Boystown Violence: On Market Days' Eve, Neighborhood Still Healing, Reeling From Tense Summer

Boystown Violence: Market Days Arrive As 'Hood Heals

With more than 100,000 visitors expected to converge onto Chicago's East Lakeview, or Boystown, neighborhood this weekend for the 30th annual Northalsted Market Days street festival, community tensions remain high after a recent spate of highly publicized incidents of street violence, including a stabbing captured on YouTube, culminated in a series of heated community shouting matches, most dramatically at a Community Alternative Policing Strategy meeting earlier this summer.

At that CAPS meeting, hundreds packed into a stuffy auditorium at the Inter-American Magnet School -- the meeting's second location after it became clear that a smaller, previously announced meeting place would prove unsuitable for the massive crowds anticipated.
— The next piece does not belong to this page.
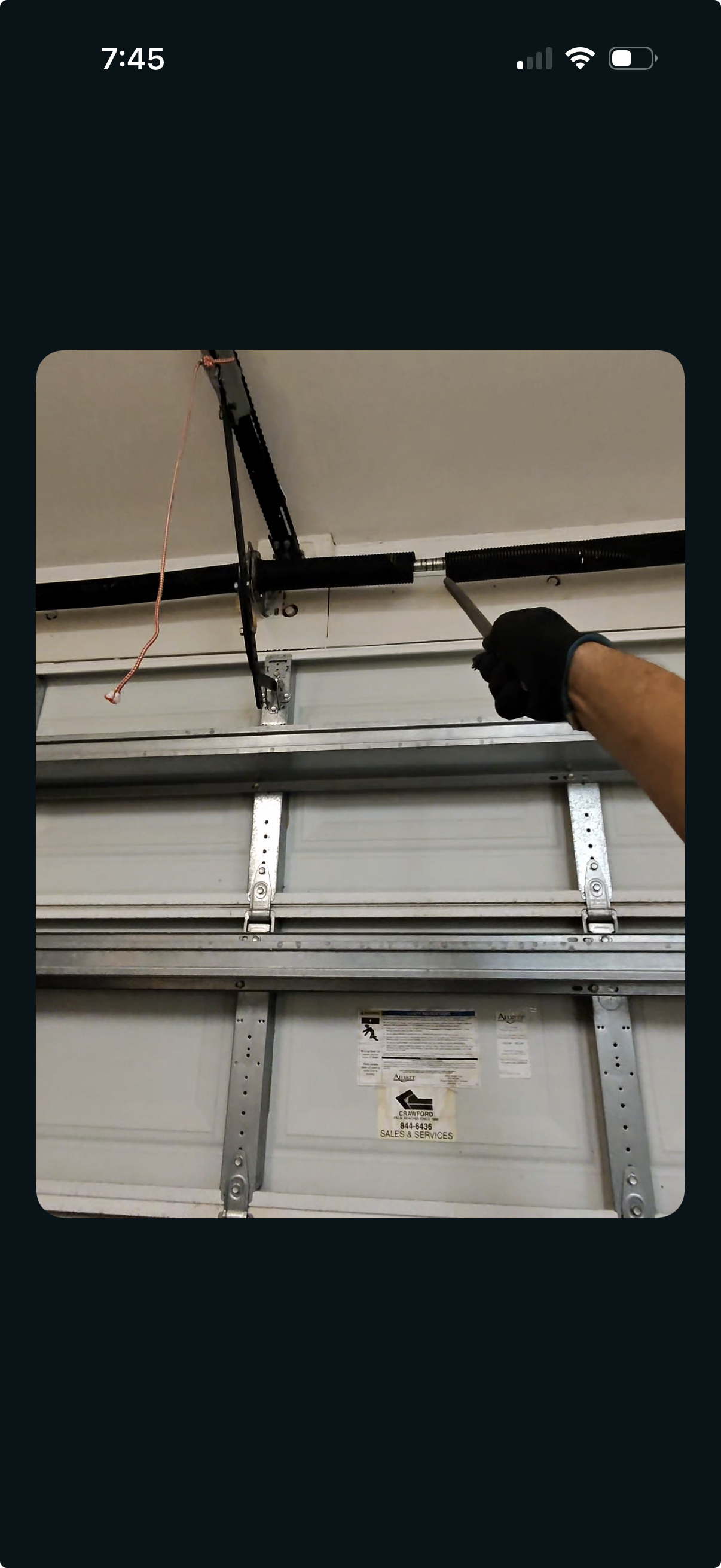 Technician repairing a pair of springs on a garage door during a residential garage door service call.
There, residents took to the microphone and described their neighborhood as "a danger zone." Some residents targeted service providers like Center on Halsted and the Night Ministry for attracting loiterers to the area. One resident screamed "get a job" at a homeless man who described the neighborhood as a place where he accessed much-needed resources that he needed to survive.

Flash forward to the next month's CAPS meeting -- held last week -- and while the attendees there were still "on edge" when it came to the continued perception of increased crime in the area, this time only 80 individuals turned out to discuss crime in the neighborhood, according to the Windy City Times. While racially-charged comments still derailed the dialogue, those arguments have, by now, been run into the ground.
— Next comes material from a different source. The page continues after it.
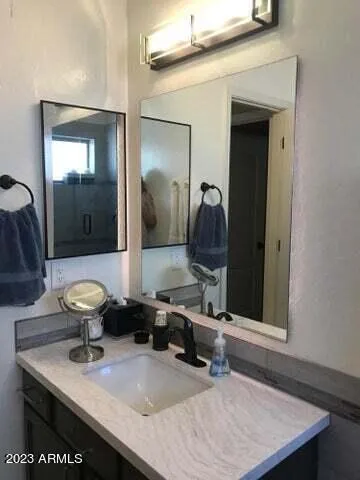 a room with a sink and a mirror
Galvanized at the grassroots
Though CAPS attendance has declined, many Boystown residents and area advocates, hardly ambivalent, appear to have dispersed and embarked on a number of new endeavors that seek to address crime and street violence in the area. Friday, the Center on Halsted announced a Lakeview Safety and Inclusion Coalition aiming "to provide concrete solutions to help make Lakeview … safer and more welcoming for all people," according to a statement.

Additionally, some of the area's residents organized several weeks earlier under a similarly titled Boystown Community Collaboration. In addition to forming a subcommittee exploring options to keep LGBT youth in the neighborhood safe, a second subcommittee lobbied the Guardian Angels to help them create a Special Boystown Unit.

Finally, another group of residents formed the Boystown Dogwalkers Community Awareness Program, the aim of which is to encourage individuals to multitask -- taking their dogs out for evening strolls and reporting and suspicious or criminal activity they encounter.

When these endeavors are coupled with a heightened presence of police officers in the area, some advocates fear that increased racial profiling will be the result. But the organizers behind the new projects have largely affirmed their goals are two-pronged: to tackle street violence as well as to ensure the neighborhood remains safe for all who live, work or visit there. While many comments posted on the prolific "Take Back Boystown" Facebook page continue to point fingers at one group or another, the organizers hitting the streets and working to address the issues at hand appear to have inclusivity as a top priority.

Quick solutions?
Alicia Ozier, one of the organizers with the Boystown Community Collaboration said the recent meetings she has helped to organize around the issue have offered "the first time we were able to facilitate a healthy dialogue around what was needed in the neighborhood." She told the Huffington Post she has been both impressed and excited by the community's various constituencies' increased efforts to, simply, hear one another. Those contributing at the collaboration's meetings, so far, have included elected officials, police, residents, youth and their advocates alike.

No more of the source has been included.